La Chiesa si chiede, impaurita, dove si sia interrotto questo passaggio. C’è senz’ombra di dubbio un problema più generale legato al modo di vivere il Cristianesimo in Occidente, ma rimane la domanda che riguarda i giovani e l’educazione alla fede: dov’è il meccanismo inceppato? Cosa si è rotto nella catena di trasmissione?

Tuttavia, pare che siamo in “buona” compagnia. Come testimonia il libretto che citavo sopra, non è un problema solo legato all’esperienza cristiana, ma anche all’educazione, alla trasmissione di modelli e di stili di vita e, non ultimo, alla speranza.

La liturgia di oggi ci pone due temi principali: la fede e la preghiera. C’è qualcosa più difficile di queste due cose oggi da trasmettere? Gesù stesso sembra mettere sul piatto la serietà del problema, domandandoci: «Ma quando il figlio dell’uomo tornerà, troverà ancora la fede sulla terra?».

Paolo invita il suo discepolo e amico Timoteo a rimanere saldi negli insegnamenti che ha ricevuto «fin dall’infanzia», nella fede e persino nella lettura delle Scritture. A proposito di questa consegna di generazione in generazione, all’inizio di questa lettera Paolo aveva ricordato a Timoteo la fede della nonna Lòide e della madre Eunìce. Se penso ai ragazzi di oggi, nella stragrande maggioranza dei casi, la fede dei nonni (e talvolta anche quella dei genitori) appare qualcosa di appartenente all’Era dei Dinosauri.

Come nel film Jurassic Park, le nostre parrocchie rischiano di essere un grande parco-giochi della fede, dove si portano i bambini, si trova ancora qualche ragazzino e qualche giovane, infine ci sono i genitori che portano in gita i bimbi. Ma poi a casa, nel mondo, “da grandi” è un’altra cosa…

Salvo – quando ci fa comodo e ne abbiamo bisogno – affidarci alla preghiera (e magari avere il coraggio di lamentarci se il Signore non ci risponde prontamente). Gesù, invece, ci dice di pregare incessantemente, senza stancarci, per farci capire la preghiera come cartina di tornasole della nostra fede: chi prega? Chi legge con assiduità le Scritture? Chi si raccoglie nel proprio intimo e sotto la guida dello Spirito per discernere il proprio cammino di vita nella fede?

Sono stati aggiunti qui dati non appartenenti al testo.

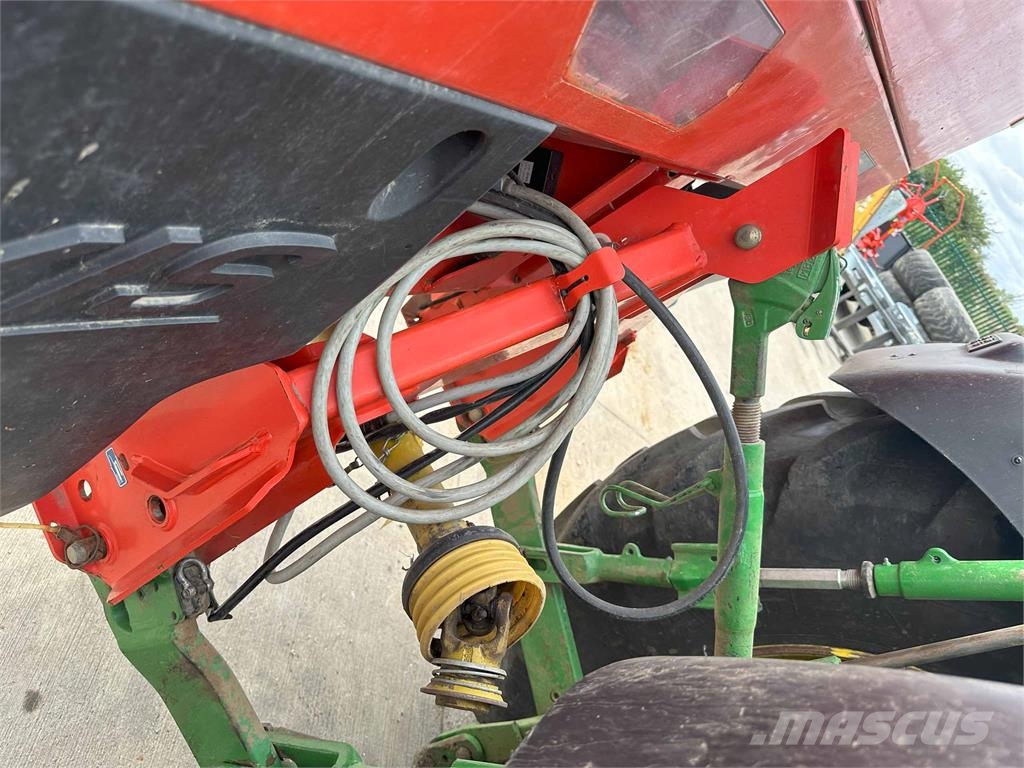John Deere Axis 40.1W Flüssigdüngerstreuer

L’educazione all’esperienza di fede dev’essere un criterio di verifica delle nostre azioni e del nostro agire anche come parrocchia. La parrocchia è una comunità di educazione alla fede, nel senso più ampio e complessivo del termine, e noi dobbiamo continuamente lasciarci spronare, mettere in discussione e chiederci se questa frattura delle “generazioni” non sia anche perché non comunichiamo più l’originalità di quello che saremmo chiamati a testimoniare.